Specially trained volunteers play a crucial role and provide many support services – everything from welcoming new families to accompanying children to court.

Children who have been victimized and their loved ones are interviewed by a trained forensic interviewer and gain access to the supports Zebra offers. Approximately 40 per cent of the Zebra files investigated by police result in criminal charges being laid.

{A child-friendly place}

The Zebra team is very proud of the child-friendly centre, including the warm and inviting interview room.

“Having child-friendly interview rooms results in the child being able to relax and provide us with the crucial information we require as part of our investigations,” said Henderson.

Younger children typically start their interview sitting in an armchair. In no time you will see the interviewer and child both sitting on the floor having a fact finding, neutral conversation.

“Each interview room features mics that accurately capture small, subdued voices,” explained Henderson.

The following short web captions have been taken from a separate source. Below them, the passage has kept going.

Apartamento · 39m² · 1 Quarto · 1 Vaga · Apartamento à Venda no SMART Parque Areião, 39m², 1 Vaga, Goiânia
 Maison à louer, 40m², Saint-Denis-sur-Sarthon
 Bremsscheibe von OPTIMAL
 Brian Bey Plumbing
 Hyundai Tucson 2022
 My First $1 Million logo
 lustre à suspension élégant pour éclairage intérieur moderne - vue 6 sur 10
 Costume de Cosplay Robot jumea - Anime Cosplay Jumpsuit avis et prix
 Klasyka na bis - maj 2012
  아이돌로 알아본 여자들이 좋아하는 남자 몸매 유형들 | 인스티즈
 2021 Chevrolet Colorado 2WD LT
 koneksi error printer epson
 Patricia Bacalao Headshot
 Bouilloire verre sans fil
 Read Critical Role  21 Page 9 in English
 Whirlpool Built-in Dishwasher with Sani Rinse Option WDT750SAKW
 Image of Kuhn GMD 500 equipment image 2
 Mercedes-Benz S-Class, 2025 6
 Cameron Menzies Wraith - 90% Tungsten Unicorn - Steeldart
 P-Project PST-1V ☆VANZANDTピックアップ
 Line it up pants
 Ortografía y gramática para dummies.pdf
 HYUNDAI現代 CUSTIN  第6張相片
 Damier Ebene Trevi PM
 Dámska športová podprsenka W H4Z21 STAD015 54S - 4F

“Ceiling-mounted cameras record all interviews. In files where charges are laid, these recorded interviews may be played in court. A professional, forensic interview of a child can make all the difference in whether or not a perpetrator can be convicted.”

{Going to court}

When a child must go to court, Zebra staff, volunteers and the Crown Prosecutor “all pull together,” said Henderson. “We go out of our way to ensure the child feels protected, safe and supported at all times.

A few weeks prior to the actual court appearance, the Crown Prosecutor is introduced to the child and family so they’re not facing a stranger. Becoming familiar with them is another important step toward a successful court outcome.

Zebra volunteers prepare children to testify and show them what the courtroom looks like. The child usually testifies from behind a protective screen with two monitors in front of them – one showing the face of the person asking them a question and the other showing their recorded forensic interview. This is integral in supporting the child and working toward a successful outcome. The child does not have to see the face of the person who abused them unless identity is an issue.

{Satisfying work for detectives}

Interviewing a child takes a lot of patience, kindness and expertise. “There’s no question, it can be challenging to work here,” noted Henderson.

“I’ve been a cop for a long time. I know that when a call about child abuse comes in, not everyone is eager to respond to it. Those calls are tough. Hearing a little one talk about things that no child should ever have to experience isn’t always easy but knowing that we’re making a huge difference in that child’s life is very satisfying . . . it keeps us going.”

{Conviction rate}

The Zebra Centre enjoys an 80 per cent conviction rate in cases which go to trial, with the majority involving a guilty plea by the accused.

“It’s incredibly satisfying to put a perpetrator behind bars. When we’re in court, the entire investigative package, including the child interview, may be presented by the Crown,” noted Henderson. “Defense lawyers end up plea-bargaining with the Crown due to the strength of the child’s credible disclosure interview conducted months earlier at the Zebra Centre.”

Delegations from across the country and around the world have been drawn to the centre because it has a stellar reputation for providing victim support, investigations and successful court outcomes.

The Zebra team shares a strong a commitment to supporting children and their families and putting them on the path to healing.

“Children leave here knowing they are not in trouble and with smiles on their faces and that makes all the difference in the world to us,” Henderson said.